Sunday, September 6, 2020

Darkness or Dryness

Is it the Dark Night of the Soul? Probably not. St. John of the Cross said sometimes people think they are going through a dark night when all they are going through is the result of their own carelessness, laziness, not resisting temptation, not being faithful in prayer, and not being with other Christians who can help them grow.

The darkness and dryness that can come into one’s soul from resistance to prayer and the things of the Spirit, is something you bring on yourself. Repent and return to the Lord. It’s so much easier to stay in spiritual condition, than to get out of spiritual condition and get back in it.

Inspired by a talk Dr. Ralph Martin gave on what we need to do to progress in our life in the Spirit. 
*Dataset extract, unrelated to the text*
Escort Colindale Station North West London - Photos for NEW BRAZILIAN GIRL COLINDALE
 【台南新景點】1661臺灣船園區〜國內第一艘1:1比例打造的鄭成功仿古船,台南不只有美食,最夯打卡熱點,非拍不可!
Thursday, September 3, 2020

Spiritual Dryness

I’ve been hunting through miscellaneous journals, workbooks, and clippings for blog inspiration. I found some good advice for dealing with adult children, prep work for RCIA classes, and notes on my trip to Lourdes. All good stuff! Today I also found some notes I’d made about spiritual dryness. I have a terrible habit of writing down quotes from others but not noting the author’s name. What follows is probably from another writer, maybe two, and I can also hear my own voice take over at times.

When we are dry, we are no longer giving to others out of our fullness. We feel empty or weary. We feel an inner reluctance or resistance to serve because we have no choice. Our motivation is that others are relying on us and we want to honor that commitment but we feel we really have nothing to offer spiritually. We distance ourselves from God.

I don’t need constant consolation to believe in him but there is a silence that isn’t normal. He hasn’t withdrawn – as a baptized Christian I know he is always in my soul. But there’s a blankness. It’s such a physical feeling of weariness that if Sunday wasn’t a holy day of obligation I wouldn’t bother to go.

It has nothing to do with trauma or any particular event – you just wake up one morning depleted. It’s like someone took a drawer out of a dresser. The frame is still there and the space that is left can still accommodate the drawer. You could pile up more stuff underneath but there’s still that void. You can’t 'fix' it. Doing the usual things like going to Mass and praying the rosary are just joyless items on the to-do list like dusting or dishes. They’re there, you do them, but you do it mindlessly.

The first time I had a dry spell I felt shocked. Why would God leave me? I did everything I was supposed to do – Mass, confession, bible reading, my ministries, I even had a good Lent. But faith isn’t about doing. I think he was showing me that for a time I just had to be a place for him.       

Eventually, the feelings of lethargy and nothingness lifted. I don’t want to go back to that place but sometimes I do let myself think about that time so I can balance my Martha tendencies with the necessity to also be a Mary.